La ministre responsable du Travail, Dominique Vien, vient tout juste de déposer le projet de loi 176 sur la modification de la Loi sur les normes du travail (LNT) et d’autres dispositions législatives afin, principalement, de faciliter la conciliation travail-famille.

Ce qui est prévu au projet de loi

Comme on pouvait s’y attendre, le projet de loi propose, entre autres, une augmentation du nombre de semaines d’absence autorisées pour certains événements liés à des responsabilités parentales de même que certaines journées d’absence pour agir à titre de proche aidant. On prévoit aussi qu’un salarié aura désormais droit à une troisième semaine de vacances payée après trois ans de service continu.

On mentionne également explicitement que des comportements de nature sexuelle peuvent constituer une forme de harcèlement psychologique et que les employeurs seront désormais obligés d’adopter une politique en matière de harcèlement psychologique.

Quant aux fameuses clauses de disparité de traitement, le projet de loi édicte que « [e]st également interdite une distinction fondée uniquement sur une date d’embauche, relativement à des régimes de retraite ou à d’autres avantages sociaux, qui affecte des salariés effectuant les mêmes tâches dans le même établissement ».

D’autres dispositions du projet de loi traitent de la mise en place d’une réglementation pour les agences de placement de personnel et les agences de recrutement de travailleurs étrangers temporaires.

Finalement, le projet de loi réduit à deux le nombre d’heures supplémentaires qu’un salarié est tenu d’accepter de faire et permet aussi à un salarié de refuser de travailler lorsqu’il n’a pas été informé de son horaire de travail au moins cinq jours à l’avance (sauf exception).

Ce qu’il faut retenir

Avec un peu de retard au calendrier prévu, le gouvernement libéral est finalement parvenu à déposer son projet de loi modifiant la LNT avant les élections prévues l’automne prochain. La fin des clauses de disparité de traitement, la réduction de la durée du service continu pour bénéficier d’une troisième semaine de vacances payée de même que les autres dispositions ayant pour objectif d’améliorer la conciliation travail-famille sont certainement dans l’air du temps.

D’autres provinces du pays, notamment l’Ontario et l’Alberta, ont déjà appliqué des réformes substantielles de leur régime de normes minimales du travail. Le Québec, qui se targue souvent d’être premier de classe en la matière, a cette fois emboîté le pas à ses voisins tout en agissant comme précurseur en ce qui a trait à l’abolition des clauses de disparité de traitement.
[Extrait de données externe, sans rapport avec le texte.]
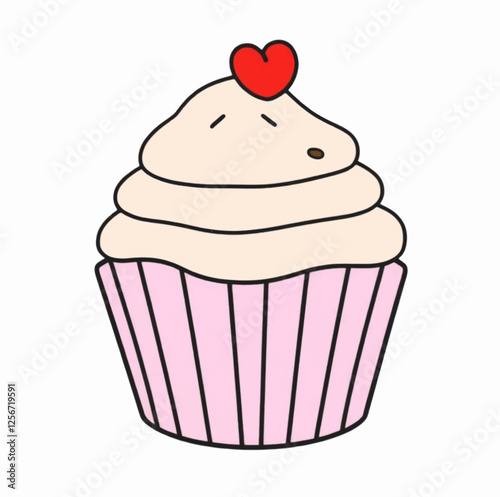 Illustration Cupcake Isolated Background Dessert Icon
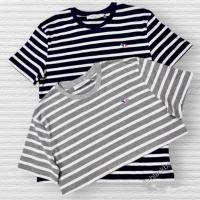 Maison Kitsune fox-embroidered striped short sleeves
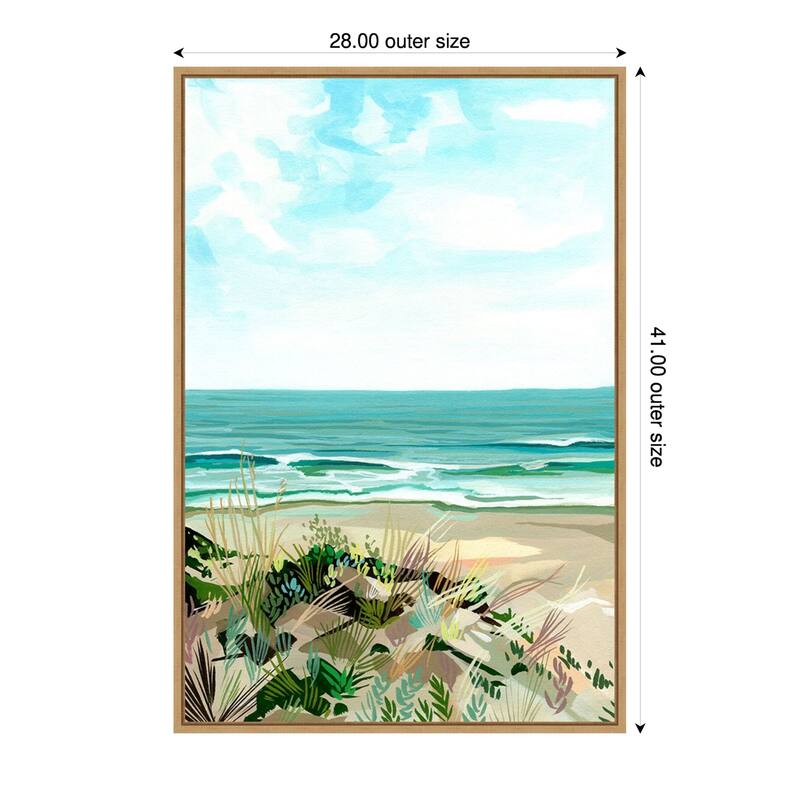 Coastal Grasses by Brook Page Framed Canvas Wall Art Print - 28 x 41 in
Il sera d’ailleurs intéressant de suivre les effets de l’élimination de ces clauses au Québec puisque la situation pourrait s’avérer dispendieuse pour les employeurs québécois, en plus d’être complexe à gérer pour les entreprises exerçant des activités dans plus d’un territoire. De plus, nous notons que les dispositions transitoires du projet de loi prévoient que les clauses de disparité de traitement qui existaient avant l’entrée en vigueur des nouvelles normes du travail ne seront pas touchées et demeureront valides.